The correlation and regression project is designed to:

(1.) Meet one of the learning objectives of the VCCS (Virginia Community College System) standards for:

(a.) MTH 155: Statistical Reasoning

*
(Presents elementary statistical methods and concepts including visual data presentation, descriptive statistics, probability, estimation, hypothesis testing, correlation and linear regression.).
*

(b.) MTH 245: Statistics I

(2.) Draw a scatter diagram between two variables by technology.

(3.) Calculate the Pearson linear correlation coefficient between two variables by formulas.

(4.) Determine the Pearson linear correlation coefficient between two variables by technology.

The technology that we shall use are:

Texas Instruments (TI)-series calculator

Pearson Statcrunch

*Statistical Package for the Social Sciences (SPSS): Free use for VCCS students as virtual computing software

(

*Google Spreadsheets: Free

*Microsoft Excel: Free for students

*Optional software

(5.) Calculate the linear regression equation between two linearly-correlated variables by formula.

(6.) Determine the least-squares regression line between two linearly-correlated variables by technology.

The technology that we shall use are:

Texas Instruments (TI)-series calculator

Pearson Statcrunch

*Statistical Package for the Social Sciences (SPSS): Free use for VCCS students as virtual computing software

(

*Google Spreadsheets: Free

*Microsoft Excel: Free for students

*Optional software

(7.) Meet the QM (Quality Matters) and USDOE (United States Department of Education) requirements for distance education as regards the provision of RSI (Regular and Substantive Interaction).

Federal Register: Distance Education and Innovation

St. John's University: New Federal Requirements for Distance Education: Regular and Substantive Interaction (RSI)

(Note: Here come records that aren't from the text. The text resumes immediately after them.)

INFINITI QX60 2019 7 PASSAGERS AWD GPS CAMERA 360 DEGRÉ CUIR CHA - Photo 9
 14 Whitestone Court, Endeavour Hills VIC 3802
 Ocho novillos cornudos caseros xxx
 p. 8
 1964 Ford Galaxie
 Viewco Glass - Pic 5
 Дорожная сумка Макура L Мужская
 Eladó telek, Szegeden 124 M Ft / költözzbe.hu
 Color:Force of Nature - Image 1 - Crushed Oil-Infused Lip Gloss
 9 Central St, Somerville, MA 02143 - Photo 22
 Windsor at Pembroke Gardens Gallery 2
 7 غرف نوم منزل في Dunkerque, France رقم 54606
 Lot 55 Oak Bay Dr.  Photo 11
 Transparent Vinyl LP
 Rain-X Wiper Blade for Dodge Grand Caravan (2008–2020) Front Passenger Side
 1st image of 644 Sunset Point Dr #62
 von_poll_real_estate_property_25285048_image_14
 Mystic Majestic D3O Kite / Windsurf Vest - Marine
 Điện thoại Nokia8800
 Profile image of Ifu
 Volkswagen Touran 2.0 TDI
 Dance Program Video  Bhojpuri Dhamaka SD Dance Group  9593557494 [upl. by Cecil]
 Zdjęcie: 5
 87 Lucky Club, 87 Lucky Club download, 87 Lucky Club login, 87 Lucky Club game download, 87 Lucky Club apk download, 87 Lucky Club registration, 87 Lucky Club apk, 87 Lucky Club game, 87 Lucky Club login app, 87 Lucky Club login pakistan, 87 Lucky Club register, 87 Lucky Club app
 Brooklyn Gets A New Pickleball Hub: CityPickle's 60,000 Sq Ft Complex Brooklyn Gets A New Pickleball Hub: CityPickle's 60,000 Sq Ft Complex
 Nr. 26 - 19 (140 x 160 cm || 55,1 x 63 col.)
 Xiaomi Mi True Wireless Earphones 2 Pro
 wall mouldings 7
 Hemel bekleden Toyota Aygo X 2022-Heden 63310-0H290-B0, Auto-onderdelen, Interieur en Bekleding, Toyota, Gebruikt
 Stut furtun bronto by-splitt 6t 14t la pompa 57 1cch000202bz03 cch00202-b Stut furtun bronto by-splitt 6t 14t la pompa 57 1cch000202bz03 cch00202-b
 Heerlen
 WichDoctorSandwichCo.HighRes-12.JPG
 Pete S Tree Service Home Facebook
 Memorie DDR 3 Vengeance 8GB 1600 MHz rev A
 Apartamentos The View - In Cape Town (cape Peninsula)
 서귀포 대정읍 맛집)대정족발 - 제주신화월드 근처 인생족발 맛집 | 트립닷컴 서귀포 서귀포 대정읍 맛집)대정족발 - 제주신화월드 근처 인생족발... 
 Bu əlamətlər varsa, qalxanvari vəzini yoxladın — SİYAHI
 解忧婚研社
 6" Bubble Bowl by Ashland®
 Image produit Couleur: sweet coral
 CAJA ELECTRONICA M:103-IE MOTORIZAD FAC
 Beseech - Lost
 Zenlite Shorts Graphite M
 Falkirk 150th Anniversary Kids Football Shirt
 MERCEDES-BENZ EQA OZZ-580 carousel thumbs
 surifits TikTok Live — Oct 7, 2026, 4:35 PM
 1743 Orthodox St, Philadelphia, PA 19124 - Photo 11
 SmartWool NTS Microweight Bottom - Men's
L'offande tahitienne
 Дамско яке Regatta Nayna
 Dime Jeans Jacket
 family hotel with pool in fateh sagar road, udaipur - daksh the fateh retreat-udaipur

Student – Content Interaction: Very high

Student – Student Interaction: Flexible

Student – Faculty Interaction: Very High

(1.) **Data (Dataset):** What dataset(s) should you use?

There are five approved ways to get the dataset(s).

Use any or combination of them.

(a.) Textbook (eBook) Datasets

You may use any of the *applicable* datasets from your eBook

(b.) MyLab Math (MLM) Datasets

You may use any of the *applicable* datasets from your MLM assignments.

(c.) Datasets from the U.S Government website: United States Government's Open Data: Datasets

You may use any of the *applicable* open datasets from the U.S government.

(d.) RStudio Datasets:

You may use any of the *applicable* built-in datasets from RStudio.

(e.) Data Collection from my Students. (*This option is for onsite (traditional/in-class) students only.*)

Please see me in the Office during Student Engagement hours so we can discuss the data collection methods and other requirements.

**Please Note:**

(I.) Any other dataset besides the ones mentioned should be pre-approved by me.

(II.) If you cannot find any dataset, please contact me via my school email (not via the Canvas messaging system).

(2.) **Type of Linear Relationship**

The relationship between any two variables may be:

(a.) Positive Linear Correlation

(b.) Negative Linear Correlation

(c.) No Linear Correlation.

At least an application of any two types of linear relationship is required.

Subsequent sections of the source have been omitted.